Also, my reasoning mainly concerns quite short test feedback loops. For the product that I'm developing the shortest feedback loop is quite flexible, covering everything from class tests to inter process signalling. Testing a deliverable sub-product typically takes 5 minutes and for such a short feedback loop it is indeed possible to use the test results (and specifically the code coverage metric that we are looking at here) to reject or accept commits in the repository.
When using the code coverage metric you should not just have a fixed (arbitrary) percentage which must be fulfilled. Doing this does not give you the real benefits of code coverage analysis in my opinion. Instead, define the following metrics:
Low Water Mark (LWM), the lowest number of uncovered lines ever seen in the system under test
High Water Mark (HWM), the highest code coverage percentage ever seen for the system under test
New code can only be added if we don't go above the LWM and we don't go below the HWM. In other words, code coverage is not allowed to decrease, and new code should be covered. Notice how i say should and not must (explained below).
But doesn't this mean that it will be impossible to clean away old well-tested rubbish that you have no use for anymore? Yes, and that's why you have to be pragmatic about these things. There are situations when the rules have to be broken, but for your typical day-to-day integration my experience it that these metrics are quite useful. They give the following two implications.
Testable code is promoted.
When adding new code you really have to make an effort to make the code testable, because you will have to try and cover all of it with your test cases. Testable code is usually a good thing.
Test coverage for legacy code is increasing over time.
When adding new code and not being able to cover it with a test case, one can try to cover some legacy code instead to get around the LWM rule. This sometimes necessary cheating at least gives the positive side effect that the coverage of legacy code will increase over time, making the seemingly strict enforcement of these rules quite pragmatic in practice.
And again, if the feedback loop is too long it might be completely unpractical to setup something like this in the integration process.
I would also like to mention two more general benefits of the code coverage metric.
Code coverage analysis is part of the dynamic code analysis (as opposed to the static one, i.e. Lint). Problems found during the dynamic code analysis (by tools such as the purify family, http://www-03.ibm.com/software/products/en/rational-purify-family) are things like uninitialized memory reads (UMR), memory leaks, etc. These problems can only be found if the code is covered by an executed test case. The code that is the hardest to cover in a test case is usually the abnormal cases in the system, but if you want the system to fail gracefully (i.e. error trace instead of crash) you might want to put some effort into covering the abnormal cases in the dynamic code analysis as well. With just a little bit of bad luck, a UMR can lead to a segfault or worse.
People take pride in keeping 100% for new code, and people discuss testing problems with a similar passion as other implementation problems. How can this function be written in a more testable manner? How would you go about trying to cover this abnormal case, etc.
And a negative, for completeness.
In a large project with many involved developers, everyone is not going to be a test-genius for sure. Some people tend to use the code coverage metric as proof that the code is tested and this is very far from the truth, as mentioned in many of the other answers to this question. It is ONE metric that can give you some nice benefits if used properly, but if it is misused it can in fact lead to bad testing. Aside from the very valuable side effects mentioned above a covered line only shows that the system under test can reach that line for some input data and that it can execute without hanging or crashing.
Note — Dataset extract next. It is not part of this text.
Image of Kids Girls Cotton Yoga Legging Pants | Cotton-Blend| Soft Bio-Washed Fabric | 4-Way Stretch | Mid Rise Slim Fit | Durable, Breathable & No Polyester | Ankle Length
If this were a perfect world, 100% of code would be covered by unit tests. However, since this is NOT a perfect world, it's a matter of what you have time for. As a result, I recommend focusing less on a specific percentage, and focusing more on the critical areas. If your code is well-written (or at least a reasonable facsimile thereof) there should be several key points where APIs are exposed to other code.
Focus your testing efforts on these APIs. Make sure that the APIs are 1) well documented and 2) have test cases written that match the documentation. If the expected results don't match up with the docs, then you have a bug in either your code, documentation, or test cases. All of which are good to vet out.
Good luck!

Code coverage is just another metric. In and of itself, it can be very misleading (see www.thoughtworks.com/insights/blog/are-test-coverage-metrics-overrated). Your goal should therefore not be to achieve 100% code coverage but rather to ensure that you test all relevant scenarios of your application.

I prefer to do BDD, which uses a combination of automated acceptance tests, possibly other integration tests, and unit tests. The question for me is what the target coverage of the automated test suite as a whole should be.
That aside, the answer depends on your methodology, language and testing and coverage tools. When doing TDD in Ruby or Python it's not hard to maintain 100% coverage, and it's well worth doing so. It's much easier to manage 100% coverage than 90-something percent coverage. That is, it's much easier to fill coverage gaps as they appear (and when doing TDD well coverage gaps are rare and usually worth your time) than it is to manage a list of coverage gaps that you haven't gotten around to and miss coverage regressions due to your constant background of uncovered code.
The answer also depends on the history of your project. I've only found the above to be practical in projects managed that way from the start. I've greatly improved the coverage of large legacy projects, and it's been worth doing so, but I've never found it practical to go back and fill every coverage gap, because old untested code is not well understood enough to do so correctly and quickly.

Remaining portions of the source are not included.